Hi Dale, I have been listening to Craig Criddle's talk. You gives you good praise. His talk is interesting. Mosiah, Alma and Ether he called the "hot spots" Spalding was found in some spots and not in others.Tried to find JSmith and found nothing. In Book of Commandents according to Criddle's new research there are attributed to Rigdon (40 chapters)Little of JS Amazing!!!!!

What is amazing is that when Joseph Smith asked Nancy Rigdon to be sealed to him, and Nancy had a negative reaction as did her father, Sidney did not come clean with the fraud, if it were all a fraud. That would have been the time to do so or at least tell his daughter about the fraud and his role in it. But alas, he didn't. Why? Most likely it was because he was not in on the fraud or that there was a fraud. However, if he would have come clean with the fraud if there were a fraud, there would probably be no lds church today. It all would have went up in smoke.

Link to comment

Craig is probing the limits of our current textual knowledge,

when it comes to source criticism of the "restoration scriptures."

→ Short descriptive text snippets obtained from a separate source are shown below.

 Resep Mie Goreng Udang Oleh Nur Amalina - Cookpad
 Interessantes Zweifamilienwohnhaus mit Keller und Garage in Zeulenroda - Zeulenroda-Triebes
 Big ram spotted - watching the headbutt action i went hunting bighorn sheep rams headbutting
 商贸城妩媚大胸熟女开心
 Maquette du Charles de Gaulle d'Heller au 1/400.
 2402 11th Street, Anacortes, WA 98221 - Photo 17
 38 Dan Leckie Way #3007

Since he is still in the exploration and discovery stage, some of

his conclusions will necessarily have to be modified (even dropped)

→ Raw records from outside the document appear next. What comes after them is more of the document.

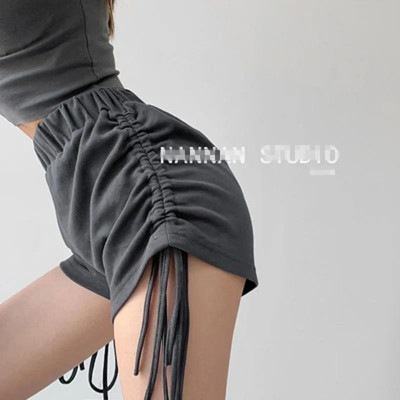 Solid color drawstring pleated shorts 纯色抽绳褶皱高腰短裤女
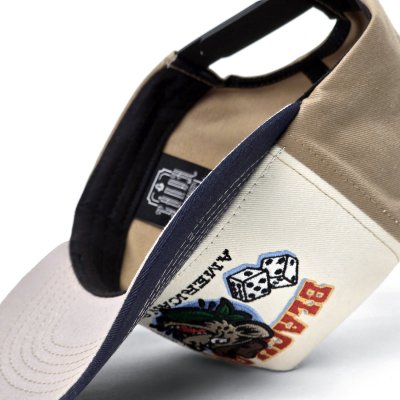 Kappe - Black River Gambler Trucker (cremeweiß/beige/marineblau)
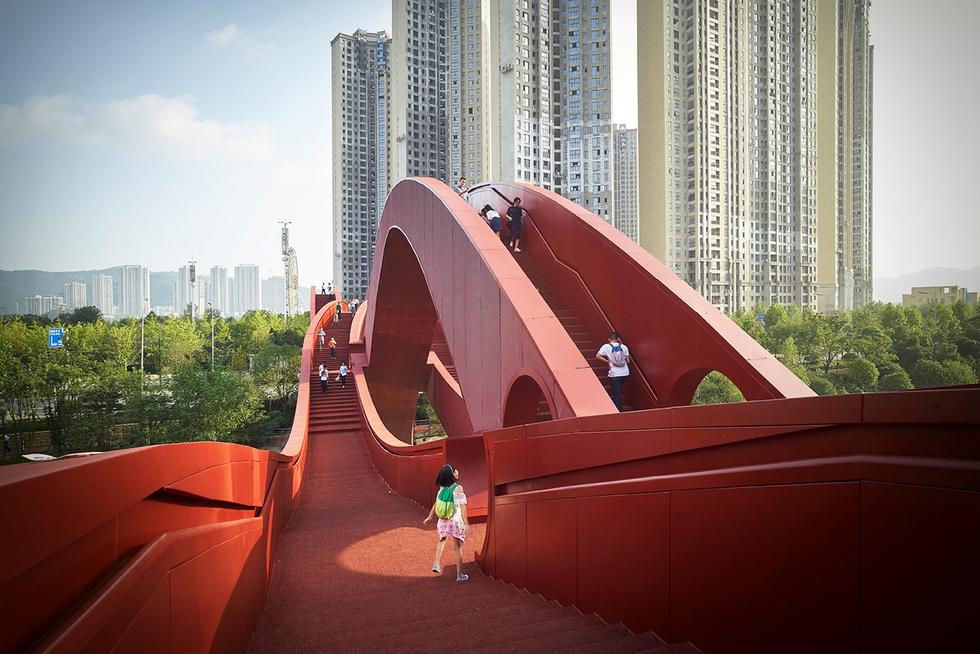 Węzeł szczęścia – piesza kładka projektu holenderskiej pracowni NEXT architects
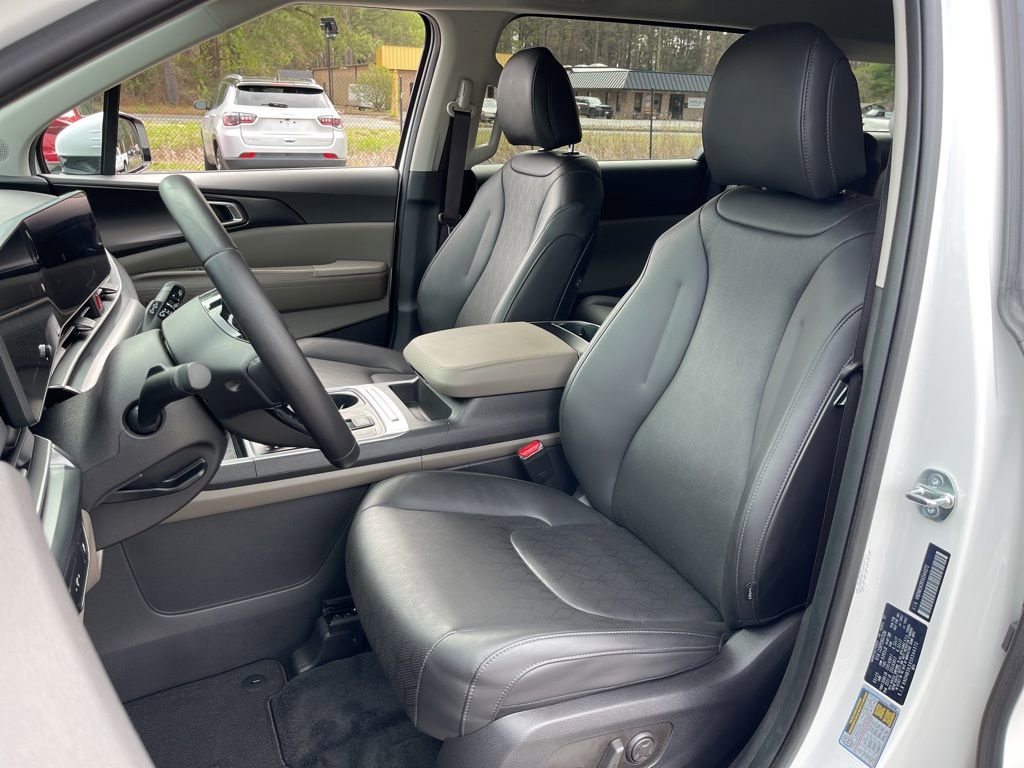 Certified 2025 Kia Carnival image 20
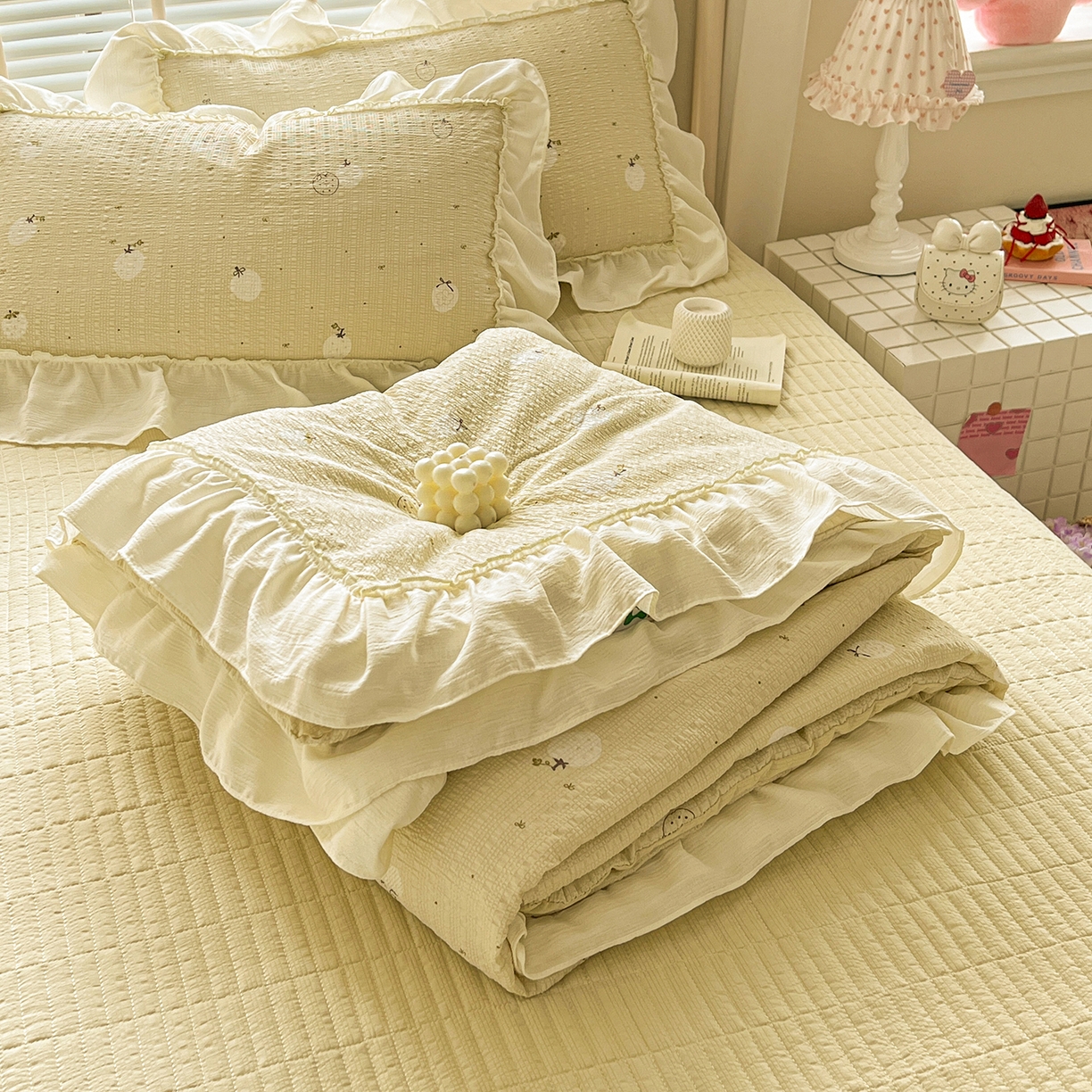 91家纺网 家纺一手货源 找家纺 （总）富米莱（原臻工厂） 2026新款超温柔高弹线密拷花边款泡芙双层纱夏凉被床盖床裙四件套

eventually. Critics like our own Ben will make sure of that.

More later --

Uncle Dale

If the book of mormon is ever proven a fraud, it will perhaps be one of strangist frauds ever committed when one considers the witnesses, their wives, and Jospeh and Sidney. Quite unbelievable. And when one thinks of JS attempting to be sealed to Rigdon's daughter, that would have to be gutsy to be sure since Sidney would have been in on the fraud and had a negative reaction to the proposal as did Nancy.

I have to say that human nature would have given a different picture if it all were a fraud. I still believe that someone would have fessed up for whatever reason. To have all remain silent seems to contradict human nature. And to have Joseph and his brother Hyrum go to their death for such a fraud is a sign of lunacy, if it were a fraud.

Link to comment

...

if it were a fraud.

There are many, many purported "scriptures" extant in the world -- some of which

supported long-lived religions which have since disappeared from the face of the

earth. Other religions with scriptures have dwindled down to tiny groups, but

their holy books still occupy space on our library shelves. We have already

mentioned the Shakers -- who today reads their scriptures? The Zoroastrians may

have a somewhat larger community, but their ancient holy writings are little read.

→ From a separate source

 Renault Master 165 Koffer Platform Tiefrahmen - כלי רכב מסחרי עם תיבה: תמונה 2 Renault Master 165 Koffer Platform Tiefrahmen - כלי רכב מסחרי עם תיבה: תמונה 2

Who reads the Kosmon Bible today? Or the revelations of Jemima Wilkinson?

Even James J. Strang's "latter day scriptures" were largely forgotten within

a decade of his death.

Probably, if we stacked up all these sundry "scriptures" in a pile by my desk,

they would break through my ceiling and spill out over the roof.

They cannot all be authentic.

In numerous instances, people have been accused of manufacturing scriptures,

by means that seem very unlikely, for pious, God-fearing people.

Care to explain this ongoing phenomenon?

UD

Link to comment

There are many, many purported "scriptures" extant in the world -- some of which

supported long-lived religions which have since disappeared from the face of the

earth. Other religions with scriptures have dwindled down to tiny groups, but

their holy books still occupy space on our library shelves. We have already

mentioned the Shakers -- who today reads their scriptures? The Zoroastrians may

have a somewhat larger community, but their ancient holy writings are little read.

Who reads the Kosmon Bible today? Or the revelations of Jemima Wilkinson?

Even James J. Strang's "latter day scriptures" were largely forgotten within

a decade of his death.

Probably, if we stacked up all these sundry "scriptures" in a pile by my desk,

they would break through my ceiling and spill out over the roof.

They cannot all be authentic.

In numerous instances, people have been accused of manufacturing scriptures,

by means that seem very unlikely, for pious, God-fearing people.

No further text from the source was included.